Within the lines below, the span from the line with "Tide Household Bundle" to the line with "Zegar Ścienny Spindle Vitra", both ends included, is to be reproduced exactly, with pictures omitted.

---- Records shown

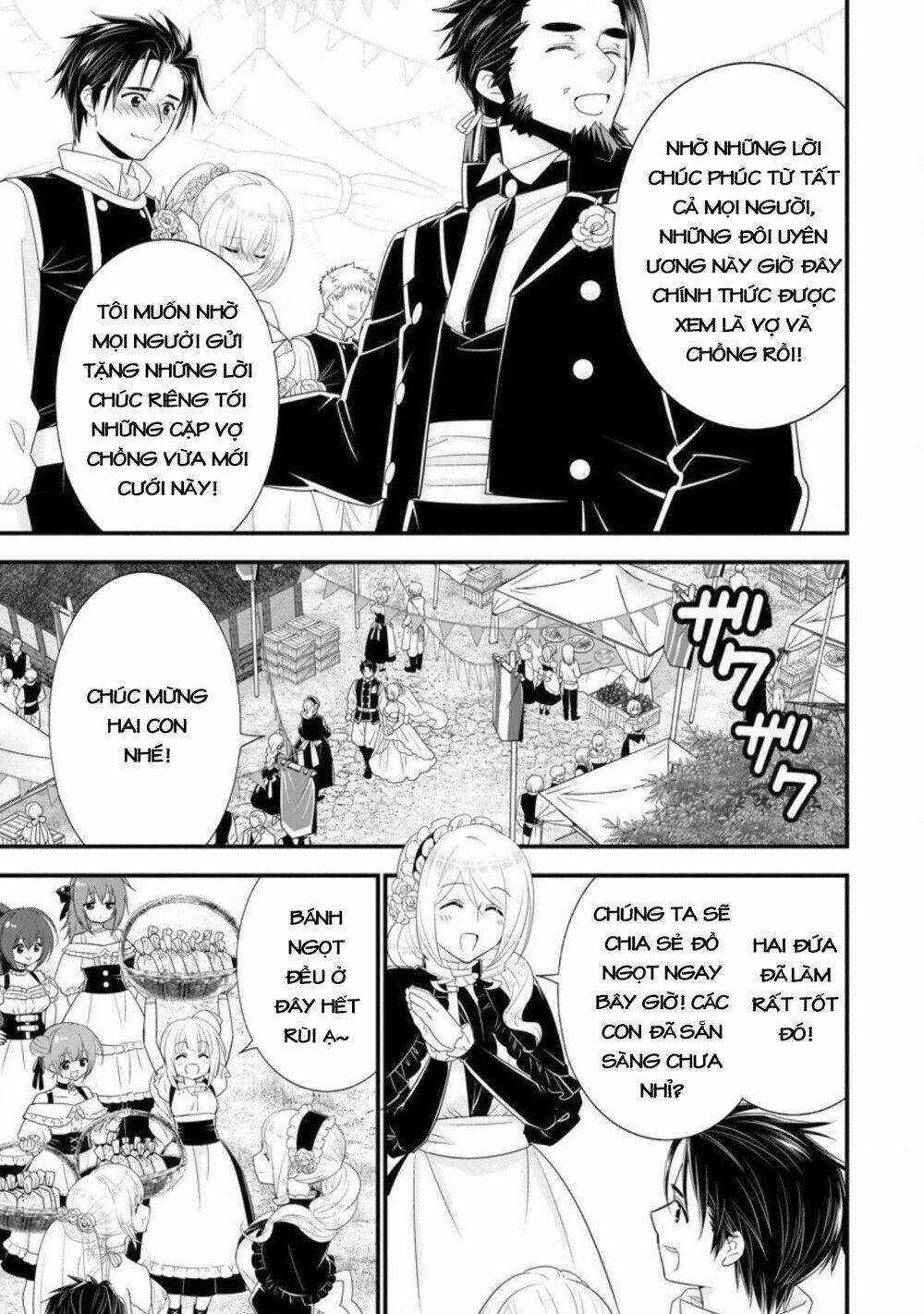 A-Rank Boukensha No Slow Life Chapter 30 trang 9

--------
---- Records shown

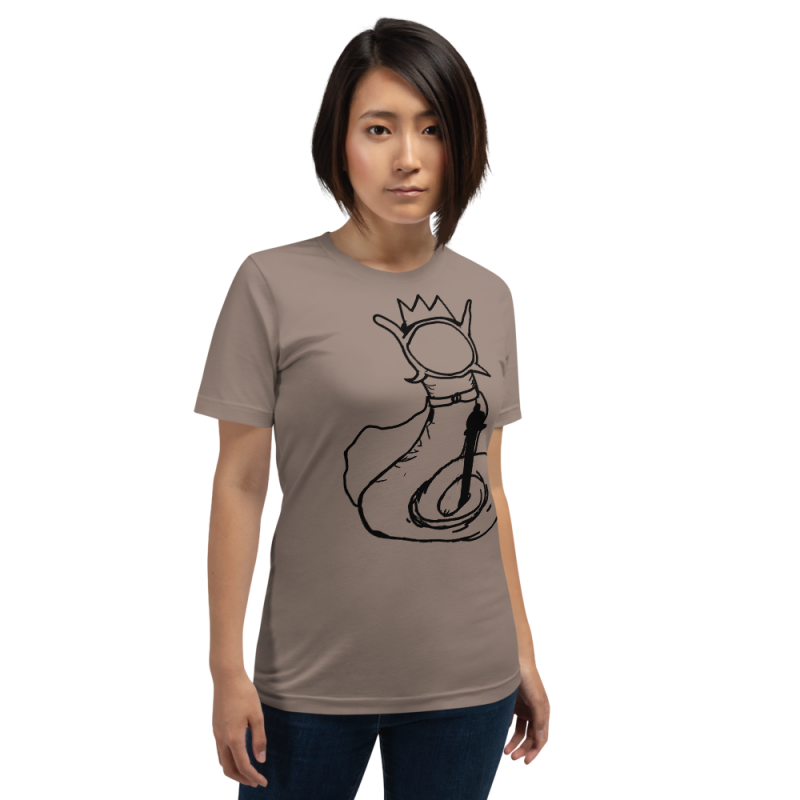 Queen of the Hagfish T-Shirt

--------
---- Records shown

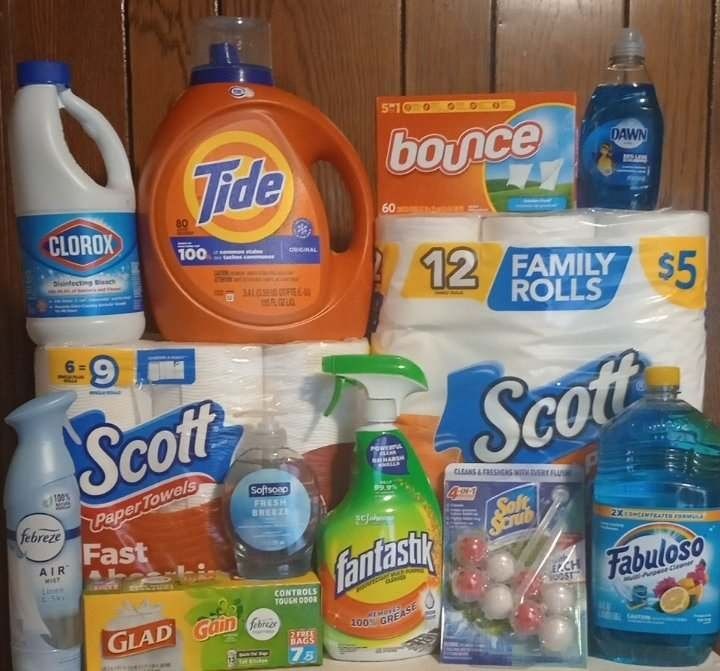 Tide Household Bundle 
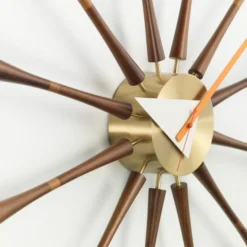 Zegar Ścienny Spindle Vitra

--------

▶ Finished exercise:
 Tide Household Bundle 
 Zegar Ścienny Spindle Vitra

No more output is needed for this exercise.